October is Breast Cancer Awareness Month and we thought we would get involved and talk about the best product recommendations to nurture your skin in such difficult times. Receiving a cancer diagnosis is undoubtedly one of the worst moments in someone’s life. And you may think that a topic like skincare seems insignificant and secondary in the big picture of overcoming cancer. But changes in skin are the most commonly reported side effect by patients that went through chemotherapy and radiotherapy. Addressing such concerns and working towards your skin’s previous glow, are not just a vanity matter. It’s about reinstalling a sense of normalcy and routine to a life that got far from normal.

I was diagnosed in 1998 with stage 4B Hodgkin’s Lymphoma disease. After aggressive chemotherapy treatments, I began to see signs of eczema as well as rashes that covered my entire body.

In face of so many other transformations to your body, treatments such as chemotherapy, radiation, and hormone therapy are bound to cause rashes, itchiness, and sun sensitivity to the skin. Physical changes may also include dark skin patches, called hyperpigmentation, and can make your skin break out with acne and hives. The good news is that these skin reactions are usually temporary and there are treatments available to help patients cope with these side effects.  
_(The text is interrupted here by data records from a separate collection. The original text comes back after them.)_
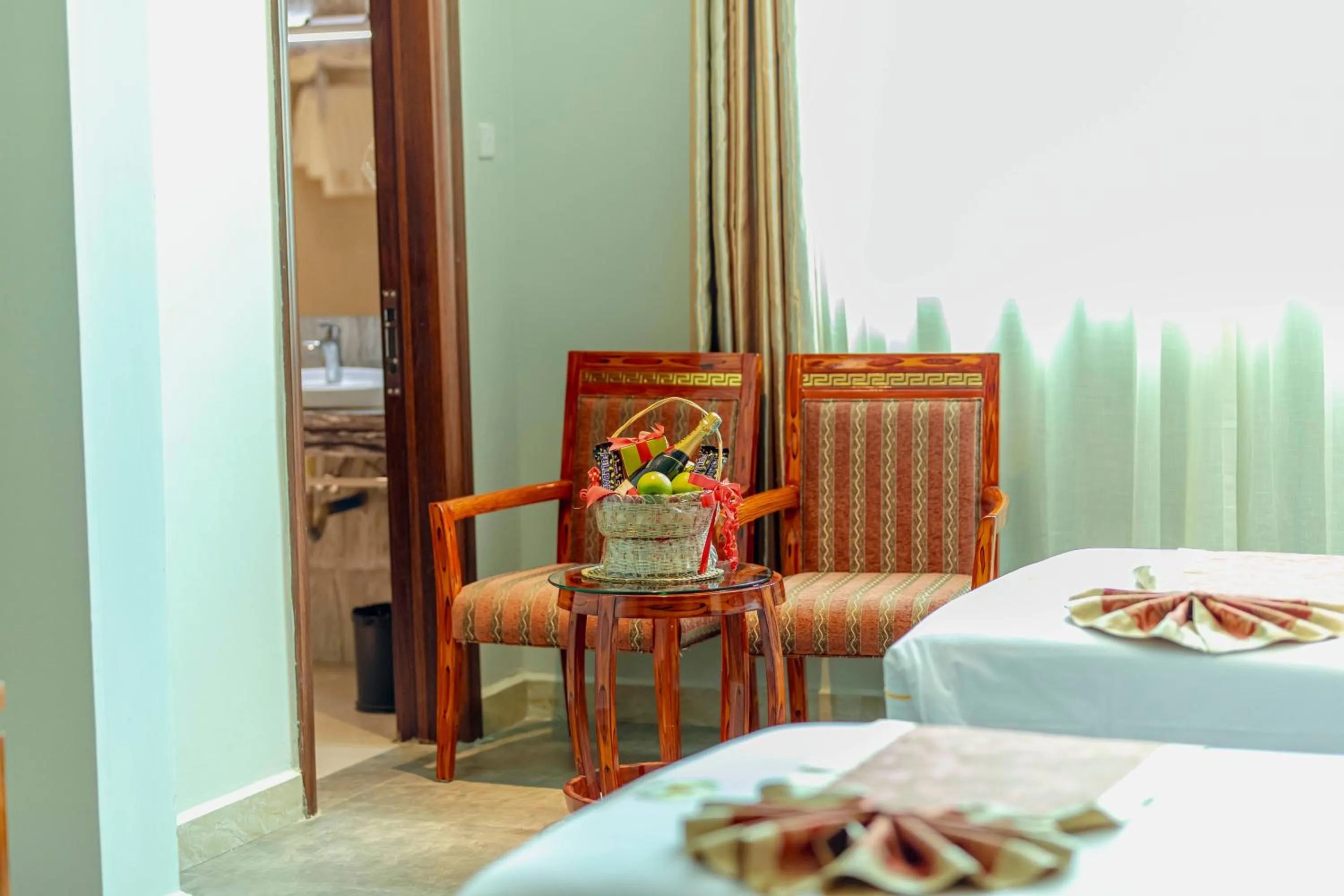 Seating area, Bed in Tiffany Diamond Hotels LTD - Makunganya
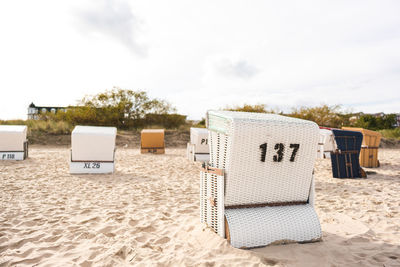 Hooded chairs on beach against sky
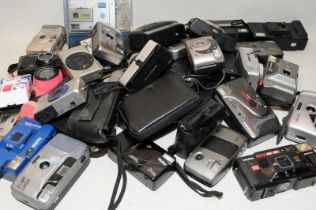 A large crate of modern 35mm compact cameras including leading brands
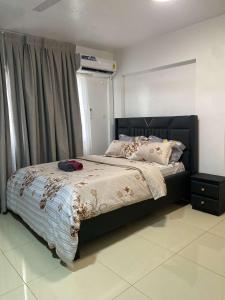 a bedroom with a large bed with a black headboard at Adiepena Cozy Apartment- 5mins from KNUST & 7mins from Kumasi Airport in Kumasi
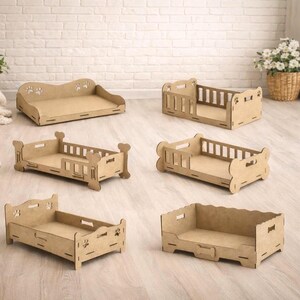 May include: Six unfinished wooden pet beds in different designs. Some have headboards and footboards, others are open. The beds feature paw prints and bone-shaped cutouts, indicating a pet-friendly theme. The beds are made of wood.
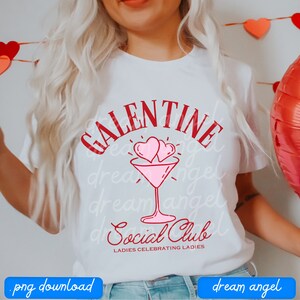 May include: White t-shirt with red text that says "Galentine Social Club" with two pink hearts above a martini glass. The text below the martini glass says "Ladies Celebrating Ladies".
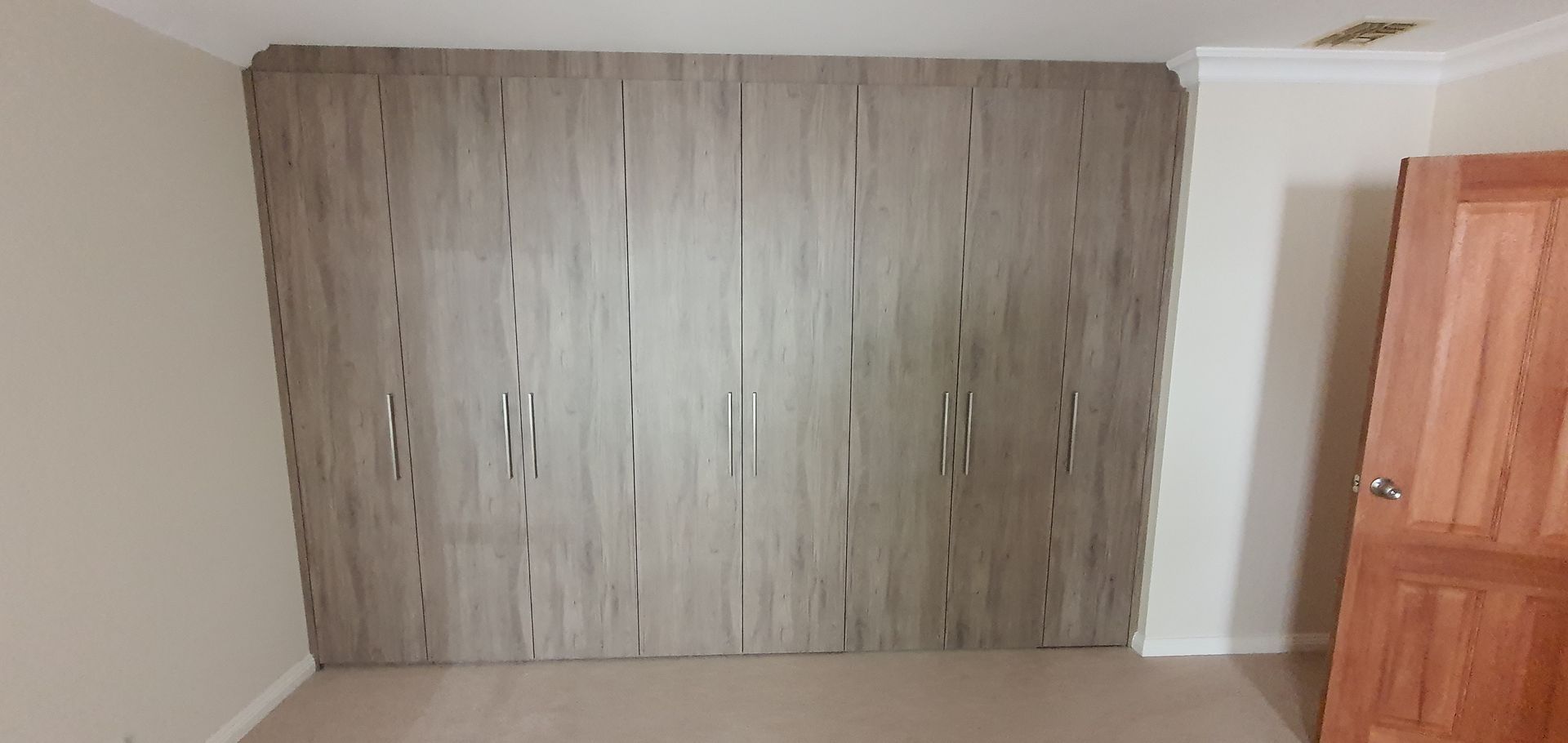 A bedroom with a large wardrobe and a door.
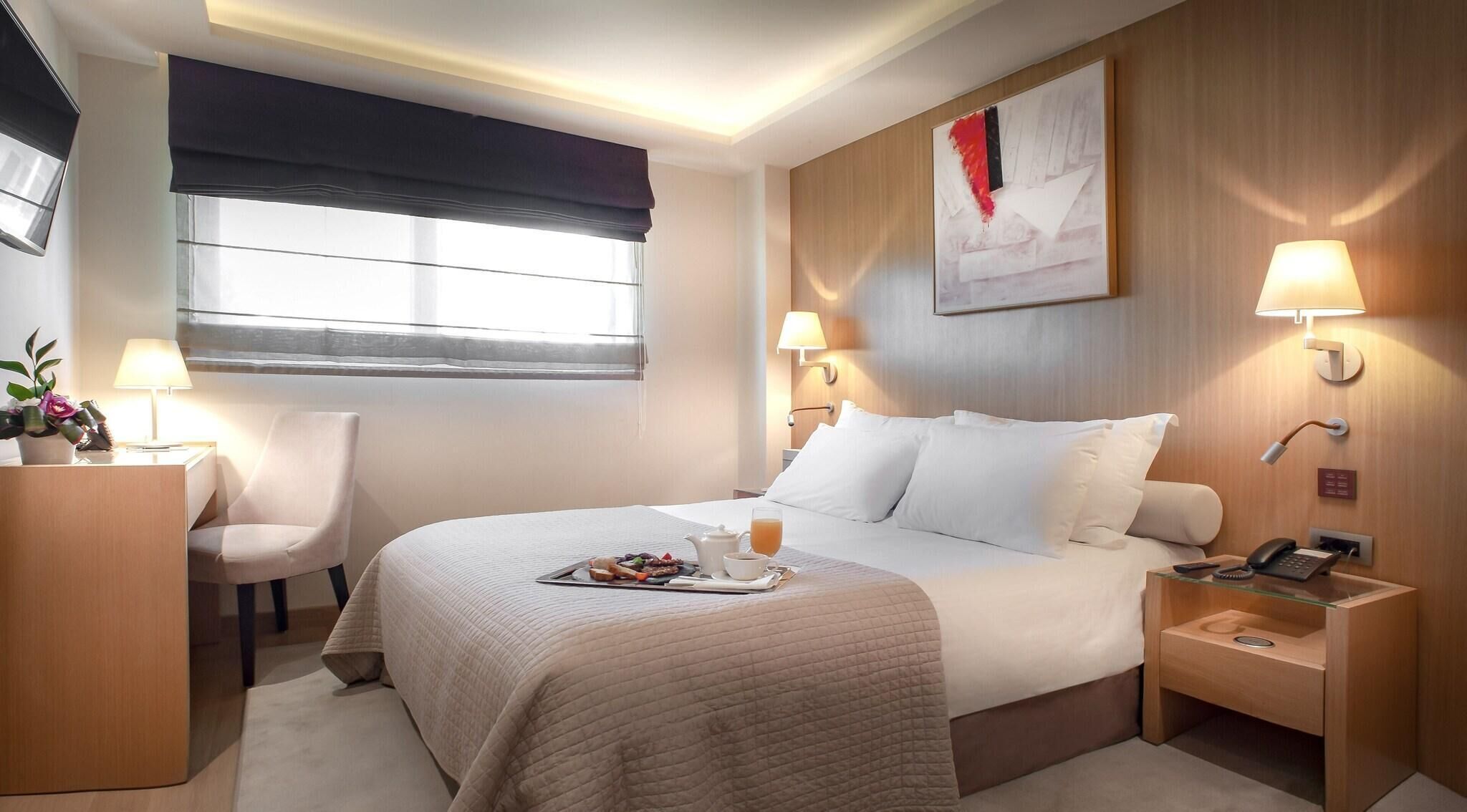 A hotel room with a bed, bedside tables, a desk, a chair, a window with a view, and a painting on the wall.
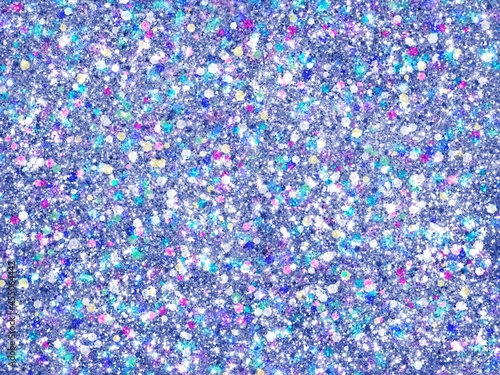 オーロラカラーのブルーラメを敷き詰めた背景　質感素材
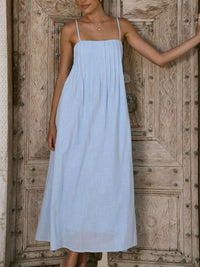 Woman wearing a light blue dress standing in front of a wooden door.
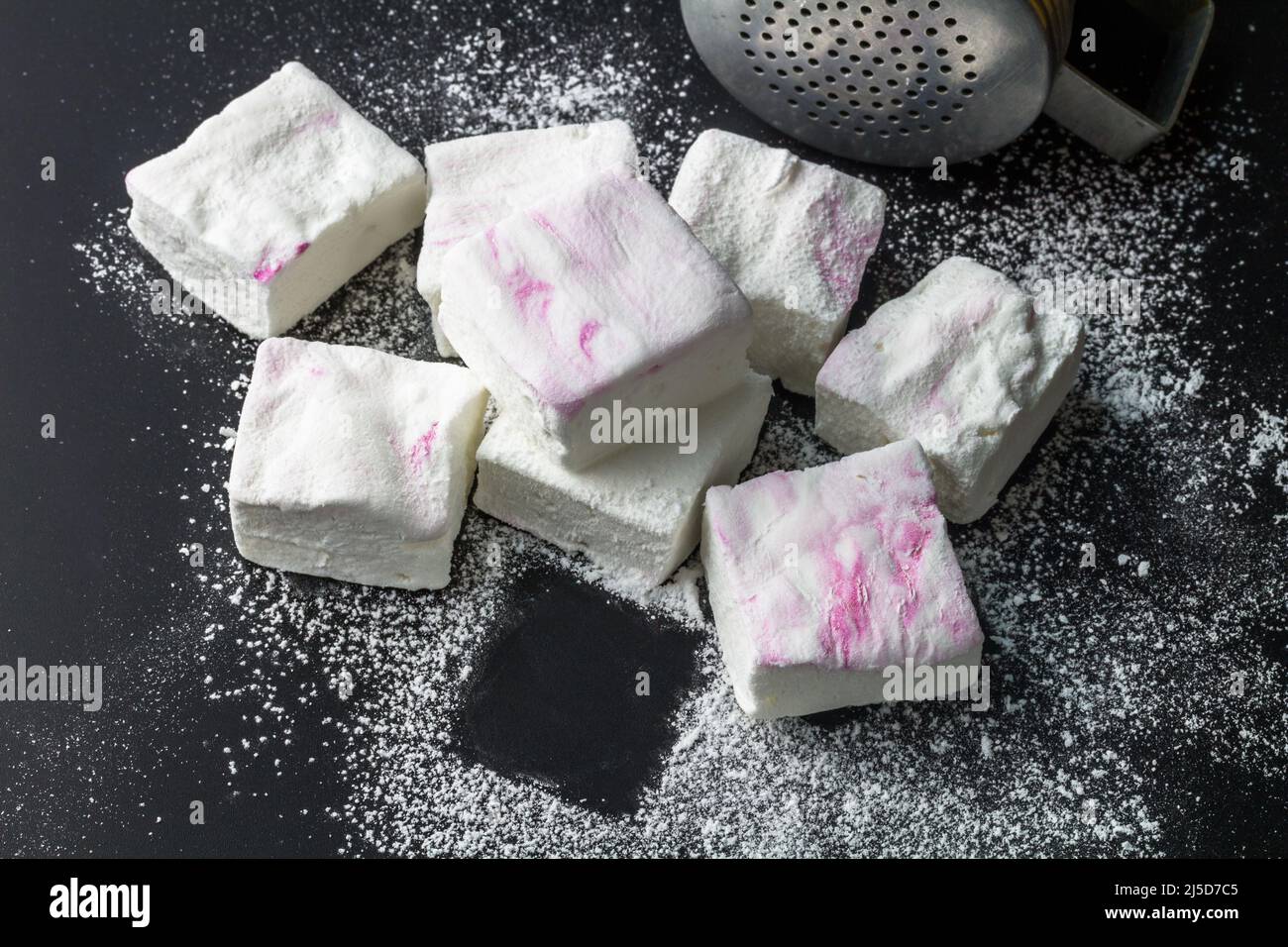 Guimauves roses et blanches faites maison - guimauves saupoudrées de sucre sur fond noir avec espace de copie Banque D'Images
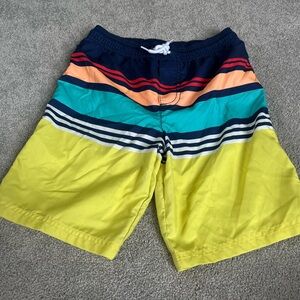 Boys swim trunks by Carters. Elastic waist with mesh interior.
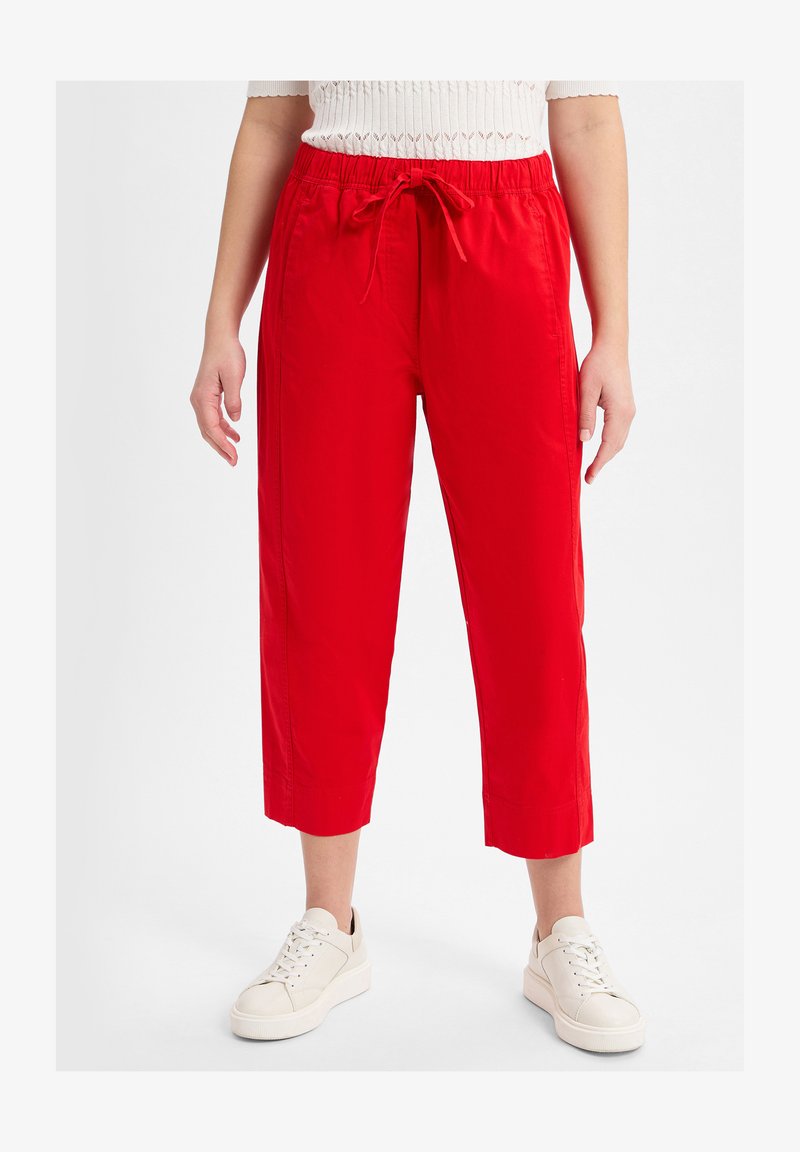 Red cropped pants with a soft texture, featuring an elastic waistband and drawstring. Paired with white sneakers for a casual look.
Post-treatment rashes may look like acne or even measles in appearance, and are the most common side effect of anticancer medications. It is perfectly ok to use cosmetics on rashes. But keep in mind that anything that comes in contact with your skin at this stage may cause irritation, so try only using one product at a time. Patients often develop new allergies, even to products they used regularly in the past. Regarding skincare, look for facial cleaners that are water based and do not contain alcohol. As for moisturizing creams, aim for the ones that contain from 5% to 10% urea in composition. This will likely help with the dryness that comes with rashes. And for at least two weeks, you should avoid any lotions and creams that contain irritants such as alcohol, perfume or dyes.

Itchy skin

Many cancer treatments slow down the skin’s ability to renew itself and that usually causes or worsens dry skin. The most important thing is to avoid scratching, despite how difficult it may seem. At this juncture, fragrance free creams and ointments can be more effective than lotions at retaining moisture. Look for products that contain anti-itch substances such as menthol and camphor. Such products will work better when applied within 15 minutes after showering or bathing. Opt for lukewarm water instead of hot and stay away from scrubs and loofahs for the time being, as they can strip away natural oils that safeguard your recovering skin.

Sun exposure

Being safe in the sun after your cancer treatment is the most consensual recommendation by doctors. Even in-treatment patients don’t need to avoid the sun, but should be smart about sun exposure. Because most anticancer medications and radiation therapy increase your sensitivity to the sun, making skin more susceptible to sunburn. So don’t skip the sunscreen and aim for at least an SPF 30 protection against both UVA and UVB rays. And if you have already been experiencing sun sensitivity, go extra and use a broad-brimmed hat and sun-protective clothing. Also, don't forget to reapply sunscreen every two hours if you’re outside, especially if you are swimming or sweating.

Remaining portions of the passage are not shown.